In the barometer index, the S&P BSE Sensex slumped 1,470.50 points or 1.93% to 74,563.92. The Nifty 50 index plummeted 488.05 points or 2.06% to 23,151.10. In three consecutive trading sessions, the Sensex dropped 4.65% while the Nifty fell 4.57%.
The broader market underperformed the key equity indices. The BSE 150 MidCap index tumbled 2.61% and the BSE 250 SmallCap index fell 2.67%. The market breadth was weak.
The NSE's India VIX, a gauge of the market's expectation of volatility over the near term, advanced 5.23% to 22.65.
Among the sectoral indices, the Nifty FMCG index (down 0.55%), the Nifty Realty index (down 1.35%) and the Nifty IT index (down 1.72%) outperformed the Nifty 50 index.
Meanwhile the Nifty Metal index (down 4.82%), the Nifty PSU Bank index (down 3.72%) and the Nifty Auto index (down 3.60%) underperformed the Nifty 50 index.
Numbers to Track:
The yield on India's 10-year benchmark federal paper rose 0.19% to 6.682 compared with previous session close of 6.669.
In the foreign exchange market, the rupee edged lower against the dollar. The partially convertible rupee was hovering at 92.4350 compared with its close of 92.2500 during the previous trading session.
MCX Gold futures for 2 April 2026 settlement shed 0.54% to Rs 159,400.
The US Dollar Index (DXY), which tracks the greenback's value against a basket of currencies, was up 0.42% to 100.17
The United States 10-year bond yield fell 0.05% to 4.274.
In the commodities market, Brent crude for May 2026 rose 4 cents, or 0.04%, to $100.50 a barrel.
Global Markets:
Dow Jones futures are up by 104 points, signaling a positive start for US stocks today.
European markets traded lower on Friday as investors continued to weigh the ongoing conflict in the Middle East and its lasting impact on growth.
Asian markets ended in the red on Friday as oil prices soared on renewed fears that a prolonged conflict in the Middle East could further crimp energy supplies, stoking fears of a global economic downturn.
Iran’s new Supreme Leader Mojtaba Khamenei said in a late Thursday speech that the Strait of Hormuz, a vital artery for global oil trade, should remain shut and that Tehran could open other fronts in the war if the conflict persists.
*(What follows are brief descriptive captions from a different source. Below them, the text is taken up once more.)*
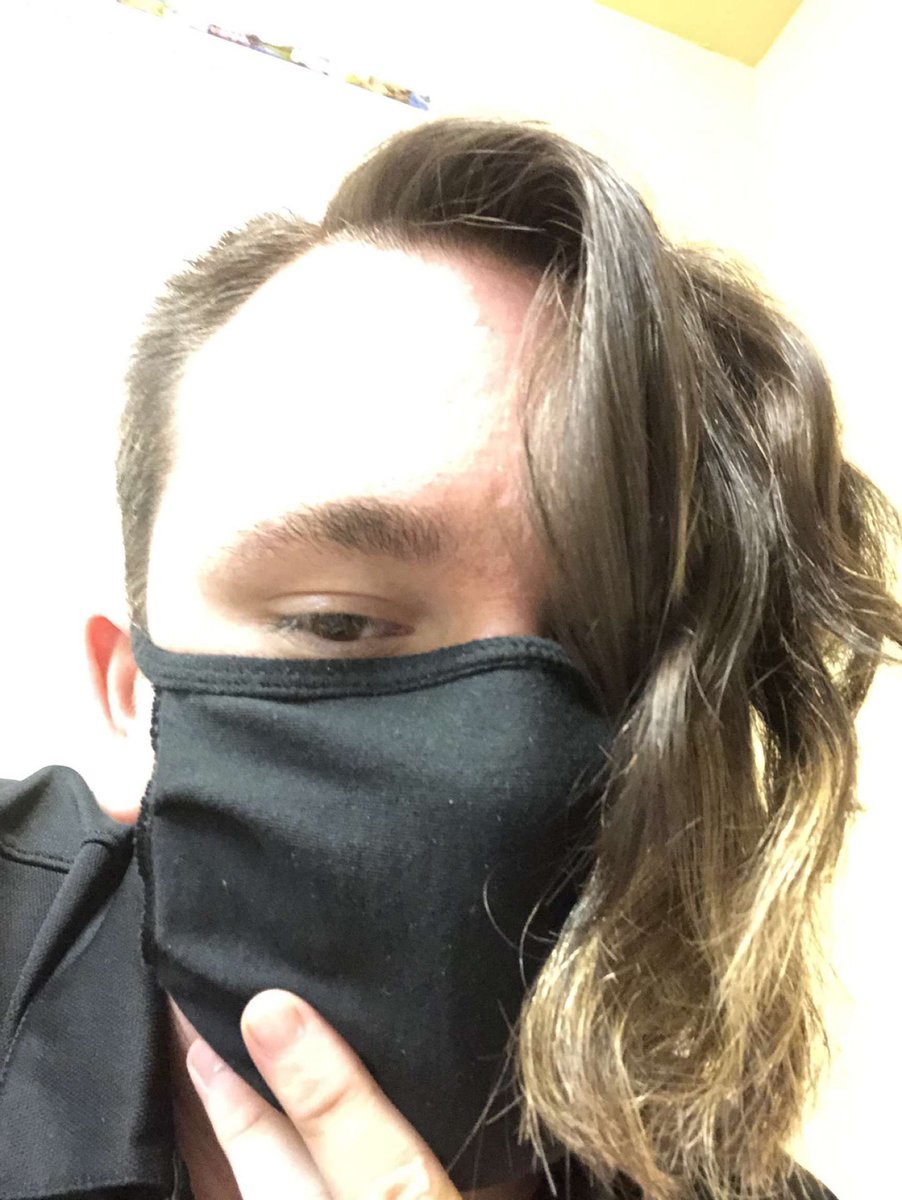 FuckTrace's tweet photo. @YeensRetrowave You had sexual intercourse with Trace Cosgrove https://t.co/Hyav9XMsX5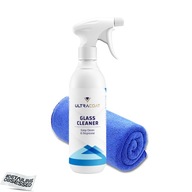 Ultracoat Glass Cleaner 500 ml čistič skla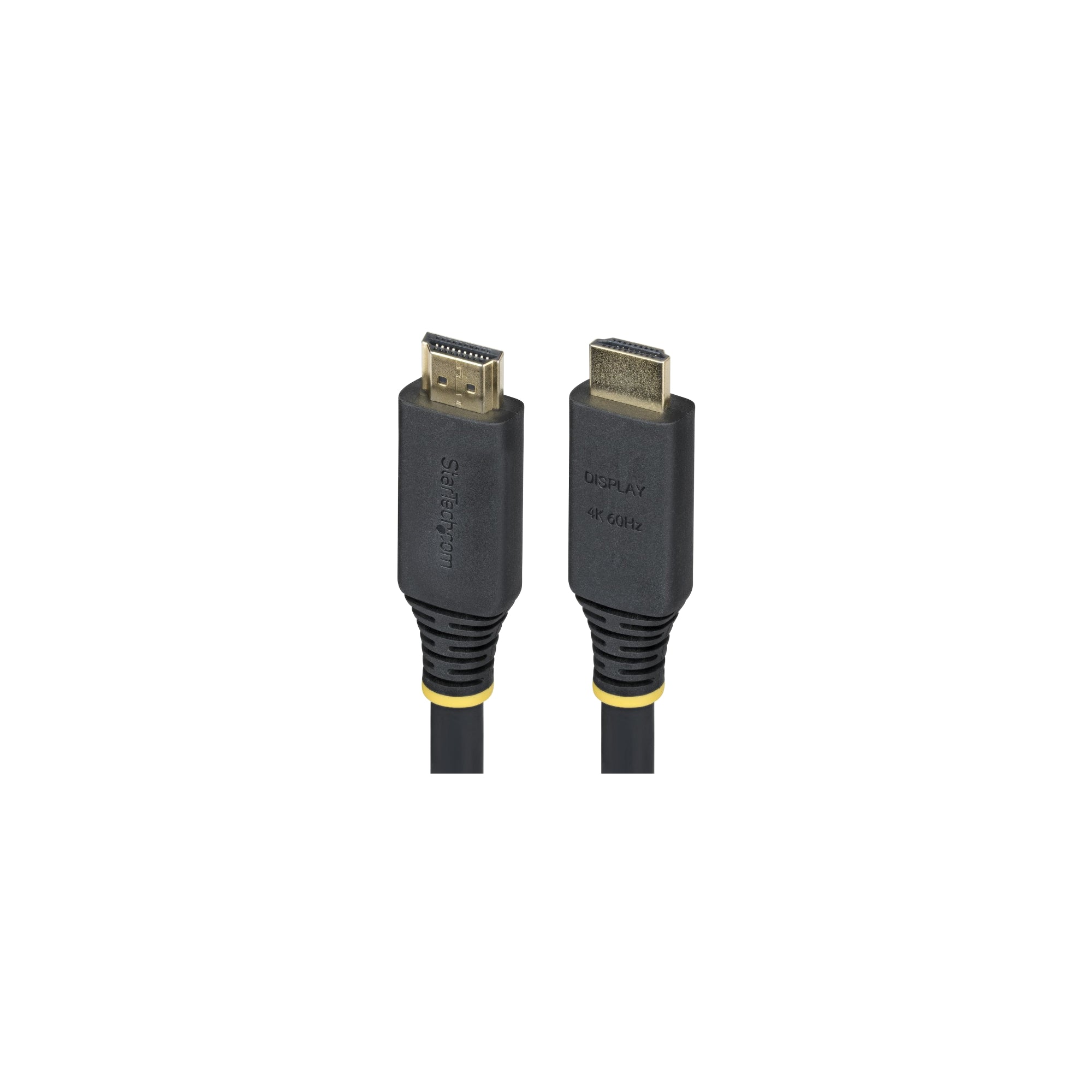 StarTech Active High Speed HDMI-kabel 10 m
International benchmark Brent crude jumped 9.22% to close at $100.46 per barrel on Thursday. It was the first time Brent closed above $100 since August 2022. U.S. West Texas Intermediate futures rose 9.72% to settle at $95.73.
Oil prices are likely to remain elevated in the near term as investors price in the risk of a prolonged Middle East conflict, media report said.
U.S. President Donald Trump has sought to downplay the rise in oil prices, saying that the U.S., as the world’s largest oil producer, stands to benefit from higher oil prices, while stressing that his priority would be blocking Iran from obtaining nuclear weapons.
Treasury Secretary Scott Bessent said Thursday night that the U.S. would temporarily allow the purchase of sanctioned Russian crude that is already at sea to stabilize energy markets, while framing the price spike as a "temporary disruption.”
Overnight in the U.S., major stock indexes notched closing lows for 2026, with the Dow Jones Industrial Average falling nearly 740 points to settle below 47,000 for the first time this year.
The S&P 500 shed 1.5% to end the session at 6,672.62, while the Nasdaq Composite lost 1.8% to close at 22,311.98.